# Planting on driftwood



## medachef (Sep 21, 2006)

Okay here is another newbie question by me. What is the best way to plant on driftwood. I am getting some java moss and some anubias nanas. I don't want the damage the roots or anything, but i also don't want a thick piece of thread or rubberband showing. any suggestions?? Also what the best way to plant wisteria and crypts??? (cryptocoryne Spiralis to be exact.)

Thanks
Joe. 

Once i get some growth i'll post some pics. Then let the beatings begin:wacko:


----------



## werner (Jul 6, 2006)

Cotton sewing thread works well for tying plants to driftwood. It eventually disintegrates, and the plants will have rooted themselves.


----------



## Bert H (Mar 2, 2004)

> Cotton sewing thread works well for tying plants to driftwood. It eventually disintegrates, and the plants will have rooted themselves.


Use black cotton thread to make it less visible. If the wood has any crack or crevice in it, often times you can just wedge a piece of your plant in that crack/crevice and it will attach there.


----------



## K20A2 (Aug 12, 2006)

Thats exactly what I did with my java fern. Just stuck it into different wedges on a piece of driftwood. None of it has ever came loose so I assume it has attached itself by now. Its been over a month. 

I planted my wisteria directly into my gravel(eco complete). Be careful with it because I have noticed that the stems bruise very easily and then rot away. I used my finger to sort of make a hole and then I gently pushed the wisteria down in and then moved the gravel back around it.


----------



## trenac (Jul 16, 2004)

Using fishing line works well to tie plants to wood. It is clear and the plants will eventually cover it so it is not seen.

Wisteria and Crypts can be planted in the substrate.
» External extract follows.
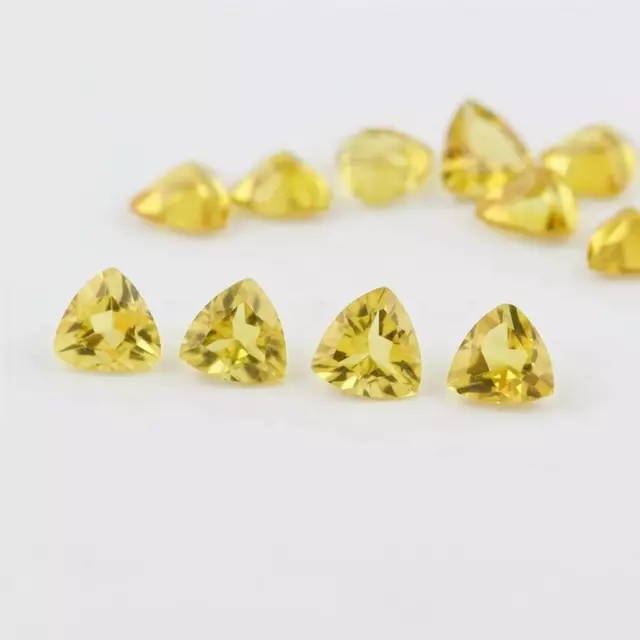 Wholesale Lot of 8mm Trillion Cut Natural Citrine Loose Calibrated Gemstone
Wisteria can as be used as a floating plant, if you want to go that route.


----------



## Laith (Sep 4, 2004)

These are all good methods...

Just be careful when using fishing line. If you tie it too tight it will cut into the rhizome of the anubia and this will often lead to the rhizome rotting.


----------



## MiSo (Nov 4, 2005)

for java moss, i use dark green sewing thread.


----------



## sarahbobarah (Sep 5, 2005)

As for me, for mosses, I use dark green embroidery thread. Embroidery thread is cool because I can find it in several shades of green, and it comes in little 2 foot long pieces so I don't have to buy an entire gigantic spool. 

Also, I like to use twist ties from the grocery store, and the black twist ties from electronics equipment. 
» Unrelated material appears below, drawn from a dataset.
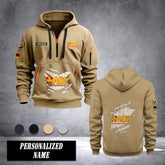 Arbeiter Samariter Bund Germany customize Hoodie Half Zipper NLG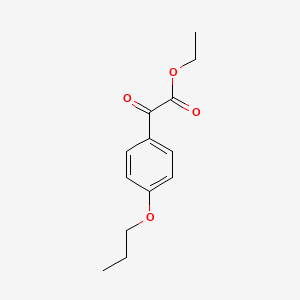 molecular formula C13H16O4 B7906157 Ethyl 2-oxo-2-(4-propoxyphenyl)acetate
I suppose you could also use pipe cleaner...?


----------



## aloha (Jun 2, 2005)

Laith said:


> These are all good methods...
> 
> Just be careful when using fishing line. If you tie it too tight it will cut into the rhizome of the anubia and this will often lead to the rhizome rotting.


I second that. Also there is the danger, especially if you got driftwood-loving catfish or saes which can be caught in fishing line if it is not tightly set.

That's the reason i prefer the cotton sewing thread.


----------



## duchessren (Sep 16, 2006)

Is there a compiled list of all the plants which will attach themselves to driftwood.


----------